Heute fand die 1. Lesung des GKV-Beitragssatzstabilisierungsgesetzes im Deutschen Bundestag statt. Mit dem Gesetzentwurf soll die gesetzliche Krankenversicherung finanziell stabilisiert und eine weitere starke Belastung der Krankenkassenbeiträge verhindert werden.

Hintergrund ist, dass die Ausgaben der Krankenkassen in den vergangenen Jahren deutlich stärker gestiegen sind als die Einnahmen. Ohne Gegenmaßnahmen würden die Finanzierungslücken in den kommenden Jahren weiter wachsen und zusätzliche Beitragssteigerungen wahrscheinlich machen.

Für die Bürgerinnen und Bürger ist dabei vor allem wichtig, dass die medizinische Versorgung erhalten bleiben soll. Es geht nicht darum, notwendige Leistungen einzuschränken, sondern darum, das Gesundheitssystem wirtschaftlicher aufzustellen und unnötige Ausgaben zu begrenzen. Dazu gehören unter anderem bestimmte Sondervergütungen, Kostensteigerungen bei Verwaltung und einzelne Strukturen im Gesundheitswesen, die aus Sicht des Entwurfs nicht ausreichend zum Nutzen der Versicherten beitragen.

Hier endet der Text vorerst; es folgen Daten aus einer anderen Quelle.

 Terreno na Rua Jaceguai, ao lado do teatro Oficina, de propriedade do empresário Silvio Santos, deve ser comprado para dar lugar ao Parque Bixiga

Ein zentrales Element der Reform ist die Rückkehr zu einer stärker einnahmeorientierten Ausgabenpolitik. Künftig sollen Vergütungs- und Preissteigerungen stärker an der tatsächlichen Entwicklung der beitragspflichtigen Einnahmen ausgerichtet werden. Als Orientierung dient dabei die Grundlohnrate. Damit soll verhindert werden, dass die Ausgaben dauerhaft schneller wachsen als die Einnahmen der Krankenkassen.

Auch auf der Einnahmeseite sind mehrere Maßnahmen vorgesehen. Dazu gehören eine höhere Beitragsbemessungsgrenze und Versicherungspflichtgrenze, ein höherer Arbeitgeberbeitrag bei geringfügiger Beschäftigung sowie eine schrittweise bessere Finanzierung der Gesundheitskosten von Menschen in der Grundsicherung. Der Bund beteiligt sich ebenfalls an der Stabilisierung des Systems, unter anderem über den Bundeszuschuss und die Verschiebung von Darlehensrückzahlungen.

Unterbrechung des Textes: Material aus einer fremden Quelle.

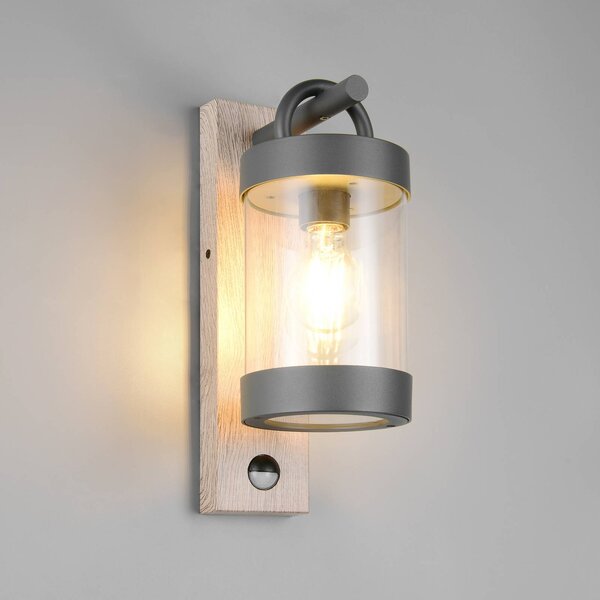 Trio Lighting Venkovní nástěnné svítidlo Sambesi, vzhled dřeva, tlakově litý hliník, senzor, Světlé dřevo, Hliník, Moderní, Lucerna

Für Familien bleibt besonders wichtig: Die beitragsfreie Mitversicherung von Kindern bleibt vollständig erhalten. Bei Ehepartnern und eingetragenen Lebenspartnern sind dagegen Änderungen vorgesehen, die im weiteren parlamentarischen Verfahren noch beraten werden. Außerdem werden die seit vielen Jahren unveränderten Zuzahlungen angepasst, wobei Schutzregelungen für chronisch Kranke und besonders belastete Versicherte bestehen bleiben.

Insgesamt soll das Gesetz helfen, die Krankenkassenbeiträge zu stabilisieren, die Finanzierung der gesetzlichen Krankenversicherung zu sichern und die Solidarität im System langfristig zu erhalten. Aus Sicht der CDU/CSU-Fraktion ist entscheidend, dass die Gesundheitsversorgung leistungsfähig bleibt, ohne Beschäftigte und Arbeitgeber immer weiter mit steigenden Beiträgen zu belasten.